A Web page is an HTML document that might contain plain text as well as layout information and script code. Script code and layout information are separated from text by using special characters—the angle bracket characters—and tags. It goes without saying that if the text contains angle brackets, or some other special characters, that would probably produce a weird effect when the browser works on the document.
HTML encoding replaces these critical characters with ad hoc sequences that the browser recognizes as the intended character. For example, when the opening angle bracket symbol (<) is used as plain text, HTML encoding transforms it as <.
The need for encoding HTML came about with the advent of dynamic pages, which allow text to be read and injected from databases. HTML encoding is also important from a security viewpoint. HTML encoding protects against script exploits neutralizing unwanted script tags that might be silently injected in your pages.
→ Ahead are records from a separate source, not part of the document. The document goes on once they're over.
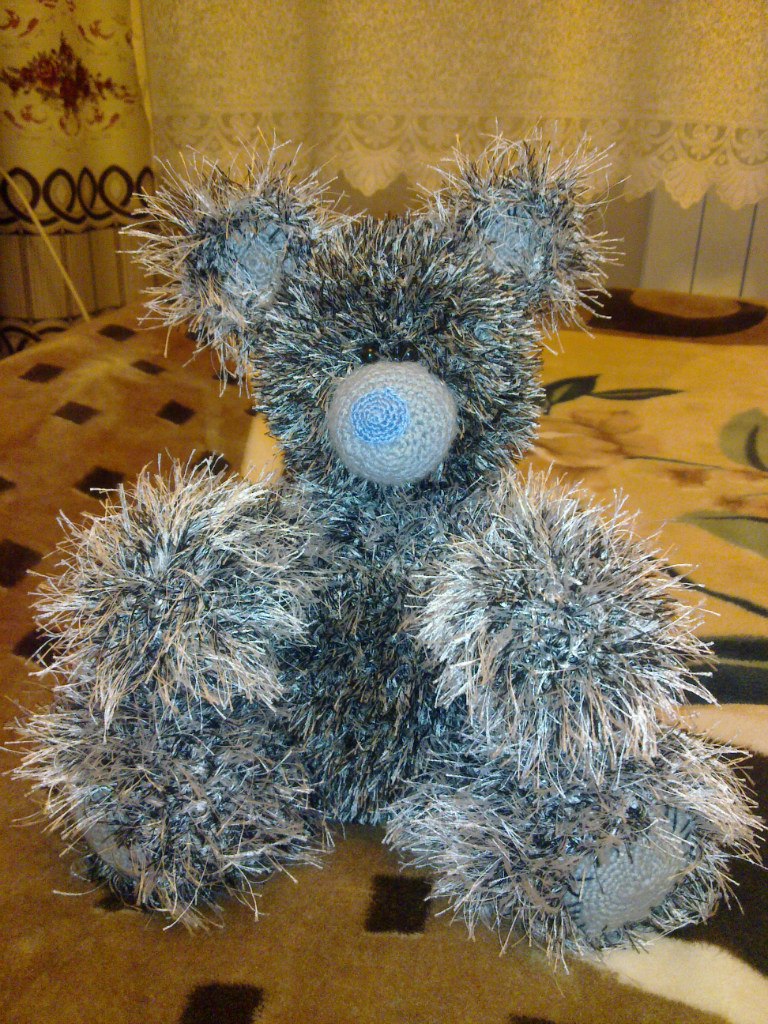 Мария Зуева | Санкт-Петербург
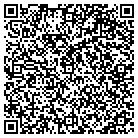 QR code with Landscape Services By Mik contacts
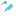 汗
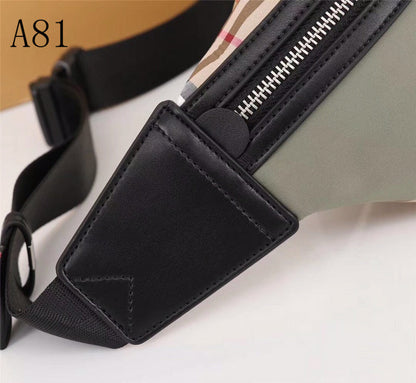 Ver Fashion -BBR Bags - 754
Since its first version, ASP.NET has provided tools for encoding (and decoding) HTML text. In particular, you'll find a pair of methods for encoding and decoding—HtmlEncode and HtmlDecode—on the ASP.NET Server object. In ASP.NET 4, using these methods is quicker, and to some extent smoother, due to a new syntax and a new subsystem.
A Quick Syntax in ASP.NET 4
ASP.NET 4's new subsystem for auto-encoding HTML text saves you from the burden of always wrapping any piece of text in a call to HtmlEncode. The new syntax is a special version of the classic code block. When you have a code block, you simply use the colon symbol (:) to instruct the runtime to HTML-encode any text being displayed. Here’s an example:
<%: "<script>alert('Hello ASP.NET 4');</script>" %>
If you try this expression in an ASP.NET 4 sample page, you’ll obtain what’s depicted in Figure 1. The script command is output as plain text and doesn’t execute. Replace the : symbol with an = sign and the script code just executes. So far so good; now look at the following code snippet:
<% var text = "<script>alert('Hello ASP.NET 4');</script>"; %>
<%: text %>
This snippet produces exactly the same output you might see in Figure 1. However, the structure of the code opens up new possibilities. What if you emit text in the code block from an existing utility that already provides sanitized HTML? Imagine that the variable text receives its value from a method you don’t control and that already returns encoded markup. As a result, HTML encoding will be performed twice. What happens in this case? You might end up in a situation like the one illustrated below.
<%: Server.HtmlEncode("<script>alert('Hello ASP.NET 4');</script>") %>
The result is shown in Figure 2. As you can see in the figure, the original text will be encoded twice—once because of the explicit call to HtmlEncode and once because of the : symbol in the code block. Clearly, this is not desirable.